(The data Opens)

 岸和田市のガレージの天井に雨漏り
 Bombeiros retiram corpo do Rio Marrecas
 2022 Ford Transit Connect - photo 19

(The data Closes)
(The data Opens)

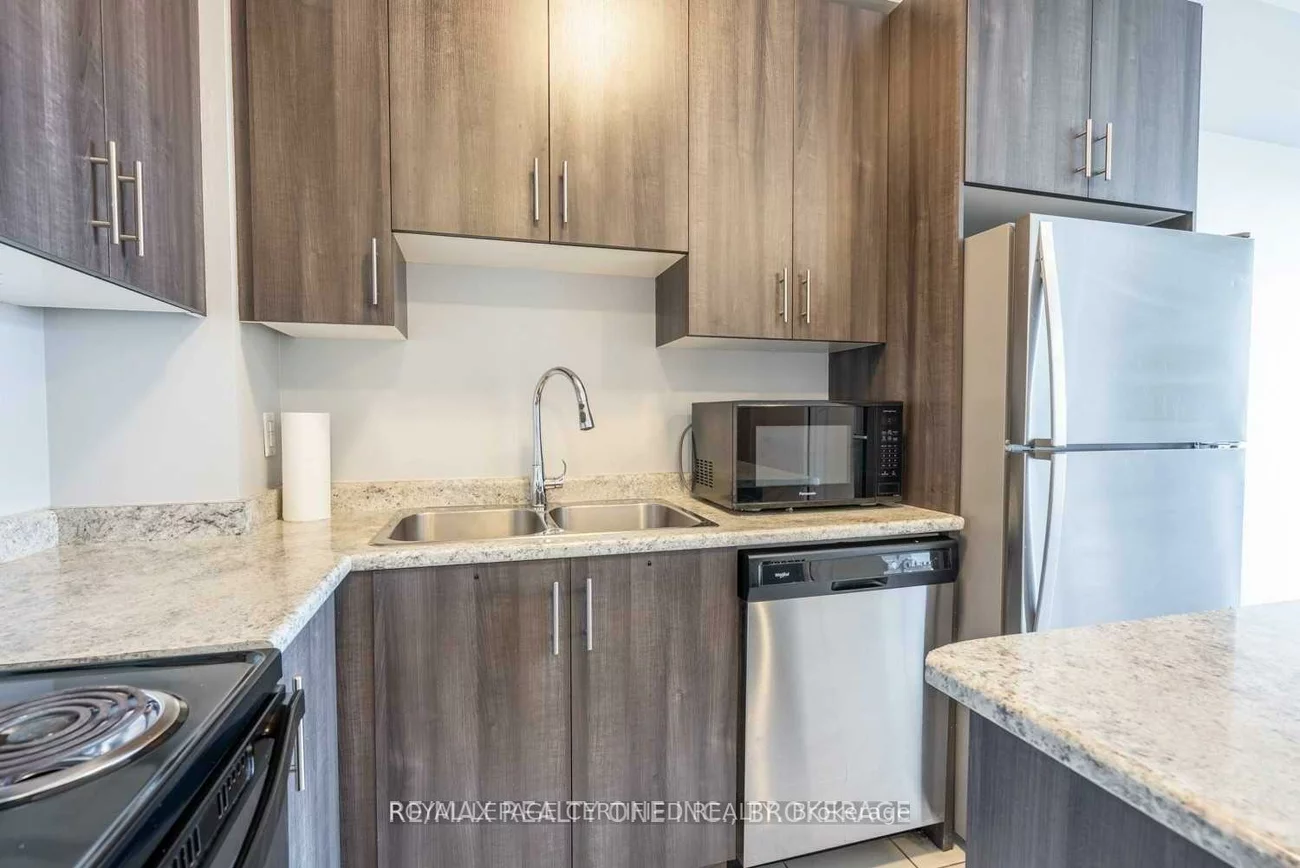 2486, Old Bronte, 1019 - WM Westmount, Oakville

(The data Closes)

## Instructions for the task:
Of the lines above, output exactly those from the line bearing "Bombeiros retiram corpo do Rio Marrecas" through the line bearing "2022 Ford Transit Connect - photo 19", inclusive.

## Solution for this exercise:
 Bombeiros retiram corpo do Rio Marrecas
 2022 Ford Transit Connect - photo 19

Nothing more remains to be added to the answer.